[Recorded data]
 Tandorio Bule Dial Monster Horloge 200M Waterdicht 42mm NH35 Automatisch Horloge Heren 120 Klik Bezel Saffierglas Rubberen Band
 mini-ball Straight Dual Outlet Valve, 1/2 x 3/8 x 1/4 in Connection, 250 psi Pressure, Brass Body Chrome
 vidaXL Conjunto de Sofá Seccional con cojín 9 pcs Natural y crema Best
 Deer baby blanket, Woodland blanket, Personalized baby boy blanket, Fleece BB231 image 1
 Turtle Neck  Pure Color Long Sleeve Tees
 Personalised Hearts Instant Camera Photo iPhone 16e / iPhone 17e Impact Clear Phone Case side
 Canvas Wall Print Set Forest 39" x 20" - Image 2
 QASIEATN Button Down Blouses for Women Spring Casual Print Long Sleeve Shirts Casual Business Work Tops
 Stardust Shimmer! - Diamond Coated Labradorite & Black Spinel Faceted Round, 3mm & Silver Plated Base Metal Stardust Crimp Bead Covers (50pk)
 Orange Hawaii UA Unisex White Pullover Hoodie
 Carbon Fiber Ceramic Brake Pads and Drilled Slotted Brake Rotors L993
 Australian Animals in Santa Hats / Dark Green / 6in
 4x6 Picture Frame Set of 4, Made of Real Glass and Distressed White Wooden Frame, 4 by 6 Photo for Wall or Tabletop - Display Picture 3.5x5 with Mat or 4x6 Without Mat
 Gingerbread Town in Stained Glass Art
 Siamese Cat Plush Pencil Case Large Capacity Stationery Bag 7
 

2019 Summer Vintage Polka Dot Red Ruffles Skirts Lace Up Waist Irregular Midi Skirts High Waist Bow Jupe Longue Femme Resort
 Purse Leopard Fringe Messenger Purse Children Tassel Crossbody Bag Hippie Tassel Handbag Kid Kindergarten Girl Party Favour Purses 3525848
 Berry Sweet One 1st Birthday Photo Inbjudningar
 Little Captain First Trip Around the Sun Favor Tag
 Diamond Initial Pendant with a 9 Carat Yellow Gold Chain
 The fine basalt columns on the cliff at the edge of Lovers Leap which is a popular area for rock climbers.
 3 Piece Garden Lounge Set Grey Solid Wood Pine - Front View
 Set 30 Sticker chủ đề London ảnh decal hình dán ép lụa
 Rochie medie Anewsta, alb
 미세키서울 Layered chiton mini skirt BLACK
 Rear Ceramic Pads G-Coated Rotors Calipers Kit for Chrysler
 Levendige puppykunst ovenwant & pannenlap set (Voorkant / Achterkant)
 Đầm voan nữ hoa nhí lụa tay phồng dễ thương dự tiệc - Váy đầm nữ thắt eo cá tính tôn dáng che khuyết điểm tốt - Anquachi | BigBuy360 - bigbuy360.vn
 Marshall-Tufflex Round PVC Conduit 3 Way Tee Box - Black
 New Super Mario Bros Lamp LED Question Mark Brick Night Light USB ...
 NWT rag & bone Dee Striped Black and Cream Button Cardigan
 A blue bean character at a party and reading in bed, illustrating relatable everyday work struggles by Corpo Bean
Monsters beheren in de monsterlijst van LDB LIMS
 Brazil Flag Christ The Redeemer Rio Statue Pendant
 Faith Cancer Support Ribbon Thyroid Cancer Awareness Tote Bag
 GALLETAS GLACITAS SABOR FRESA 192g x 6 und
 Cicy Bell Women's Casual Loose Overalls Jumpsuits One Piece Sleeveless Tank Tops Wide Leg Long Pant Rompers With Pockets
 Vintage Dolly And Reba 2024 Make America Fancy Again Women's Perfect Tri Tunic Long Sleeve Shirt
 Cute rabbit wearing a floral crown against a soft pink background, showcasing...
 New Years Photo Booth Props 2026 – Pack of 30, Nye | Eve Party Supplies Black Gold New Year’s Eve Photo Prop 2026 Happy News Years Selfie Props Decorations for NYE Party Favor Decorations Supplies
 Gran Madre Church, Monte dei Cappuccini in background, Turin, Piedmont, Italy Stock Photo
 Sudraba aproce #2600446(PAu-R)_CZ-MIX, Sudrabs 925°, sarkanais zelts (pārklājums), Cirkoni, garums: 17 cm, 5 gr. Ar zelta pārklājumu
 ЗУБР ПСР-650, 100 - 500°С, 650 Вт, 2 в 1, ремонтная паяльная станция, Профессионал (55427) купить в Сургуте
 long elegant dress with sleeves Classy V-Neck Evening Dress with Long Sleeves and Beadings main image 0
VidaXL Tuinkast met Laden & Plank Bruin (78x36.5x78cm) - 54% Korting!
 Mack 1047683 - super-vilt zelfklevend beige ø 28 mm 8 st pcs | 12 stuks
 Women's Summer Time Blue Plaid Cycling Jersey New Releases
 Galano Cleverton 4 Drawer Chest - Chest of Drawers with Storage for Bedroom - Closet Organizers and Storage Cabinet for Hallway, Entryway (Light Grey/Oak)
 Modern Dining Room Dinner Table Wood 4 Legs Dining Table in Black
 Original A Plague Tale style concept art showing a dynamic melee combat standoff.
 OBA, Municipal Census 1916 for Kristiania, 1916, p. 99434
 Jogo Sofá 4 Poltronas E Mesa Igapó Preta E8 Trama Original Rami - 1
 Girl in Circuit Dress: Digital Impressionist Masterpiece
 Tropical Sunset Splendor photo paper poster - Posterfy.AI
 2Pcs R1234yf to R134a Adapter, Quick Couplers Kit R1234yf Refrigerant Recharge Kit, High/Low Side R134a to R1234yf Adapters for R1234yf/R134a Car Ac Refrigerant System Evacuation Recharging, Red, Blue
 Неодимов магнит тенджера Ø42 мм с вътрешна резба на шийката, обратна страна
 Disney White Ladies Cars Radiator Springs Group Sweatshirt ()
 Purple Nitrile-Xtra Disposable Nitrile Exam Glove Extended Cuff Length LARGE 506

◆ Task brief:
After locating the line with "Modern Dining Room" in the records above, please set down that line and all later ones exactly, and no other line.

◆ Answer for this exercise:
 Modern Dining Room Dinner Table Wood 4 Legs Dining Table in Black
 Original A Plague Tale style concept art showing a dynamic melee combat standoff.
 OBA, Municipal Census 1916 for Kristiania, 1916, p. 99434
 Jogo Sofá 4 Poltronas E Mesa Igapó Preta E8 Trama Original Rami - 1
 Girl in Circuit Dress: Digital Impressionist Masterpiece
 Tropical Sunset Splendor photo paper poster - Posterfy.AI
 2Pcs R1234yf to R134a Adapter, Quick Couplers Kit R1234yf Refrigerant Recharge Kit, High/Low Side R134a to R1234yf Adapters for R1234yf/R134a Car Ac Refrigerant System Evacuation Recharging, Red, Blue
 Неодимов магнит тенджера Ø42 мм с вътрешна резба на шийката, обратна страна
 Disney White Ladies Cars Radiator Springs Group Sweatshirt ()
 Purple Nitrile-Xtra Disposable Nitrile Exam Glove Extended Cuff Length LARGE 506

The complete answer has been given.